Run:ai#
This page describes how to deploy NVIDIA NIM for LLMs on Run:ai.
Prerequisites#
Run:ai access (SaaS or self-hosted) with GPU capacity for inference workloads.
Access to a Run:ai project where you can create inference workloads.
NGC credentials for pulling model images and downloading artifacts.
Note
For Run:ai platform setup and operations guidance, refer to the Welcome to NVIDIA Run:ai Documentation
Deploy NIM on Run:ai#
For baseline Run:ai workflow details, refer to Deploy Run:ai Inference Workloads with NVIDIA NIM.
In the Run:ai UI, create an inference workload with the following settings:
Create a new inference workload.
Select NVIDIA NIM as the inference type.
Set the workload name and credentials.
Set the required GPU count for your model.

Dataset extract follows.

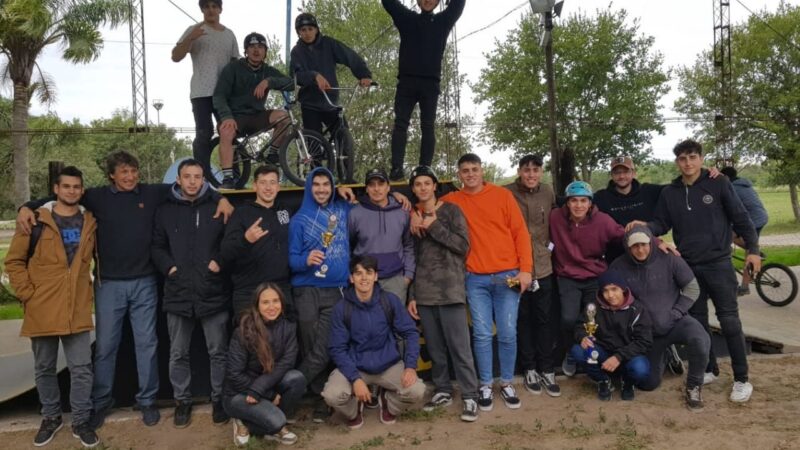 Comenzó el Torneo Zonal 2024 de BMX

Optional: Use advanced settings to specify a custom NIM image.
Create the inference workload.
Tip
Start with one GPU and scale after you confirm successful model loading and readiness.
Optional: Enable LoRA on Run:ai#
Run:ai supports mounting a data source (for example, a Kubernetes PVC when using a Kubernetes-based cluster). You can use this flow to provide LoRA adapters to NIM.
Create a Data Source#
In the Run:ai UI, open Workload Manager > Assets > Data & Storage > Data Sources, and then create a new PVC-backed (or equivalent) data source.

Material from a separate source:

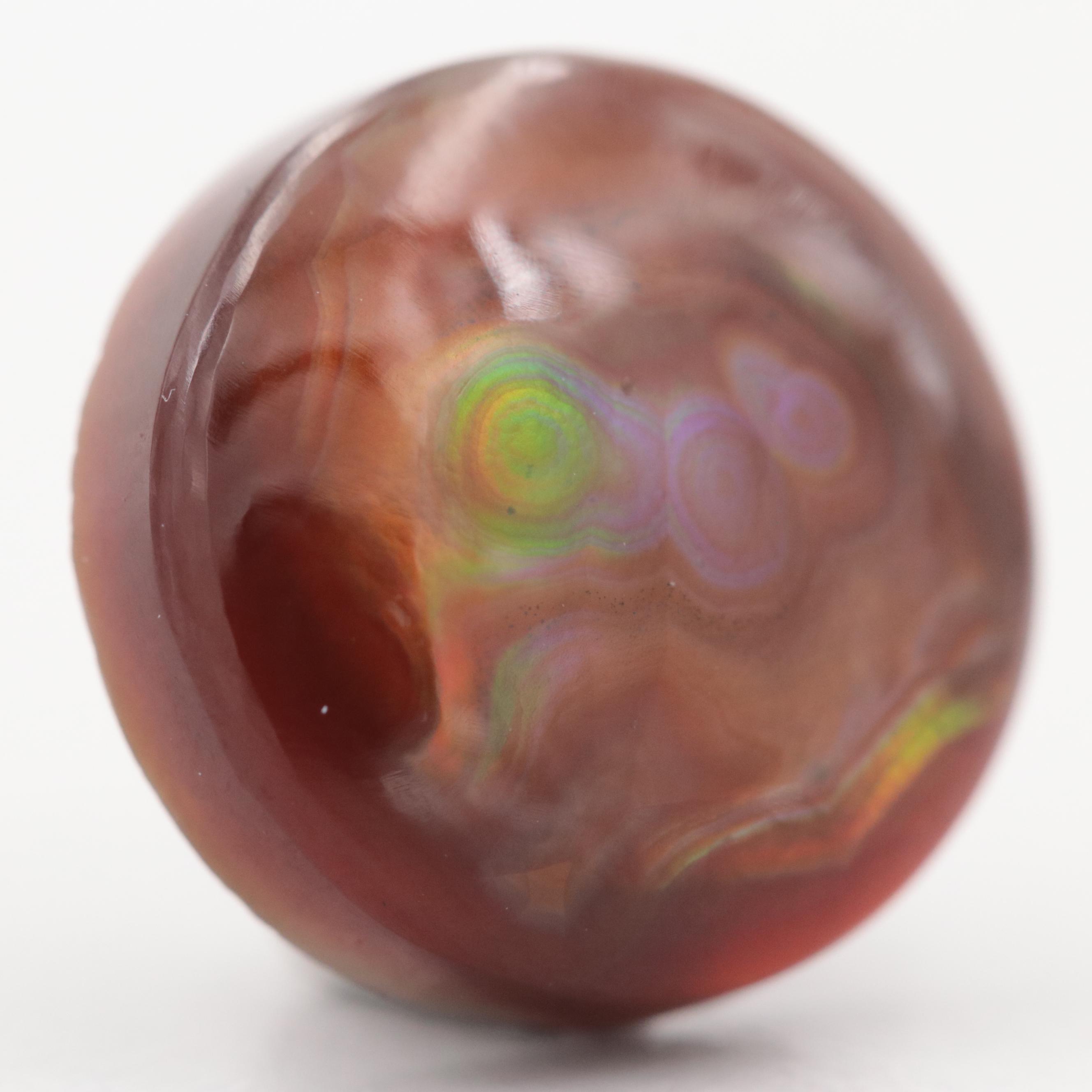 Loose 6.20 CT Fire Agate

When Run:ai uses a Kubernetes cluster, it creates a PVC for the data source. Populate that volume with LoRA adapter files by using the same directory structure described in Optional: Enable LoRA With Helm:
/loras/
adapter_name/
adapter_config.json
adapter_model.safetensors # or adapter_model.bin
Deploy NIM With LoRA Configuration#
Create or update the inference workload, and then:
Set
NIM_PEFT_SOURCEto/lorasin runtime environment variables.Attach the Run:ai data source and mount it at
/loras.Create the inference workload.
Note
If the mounted data source does not contain adapter files, NIM starts normally, but no LoRA adapters are available at runtime.
Verify Deployment#
Verify workload readiness in the Run:ai UI. A healthy deployment shows the inference workload in a ready state. To confirm the NIM service is responding, call the readiness endpoint (for example, from a client that can reach the workload endpoint). A healthy deployment returns an HTTP 200 response from /v1/health/ready.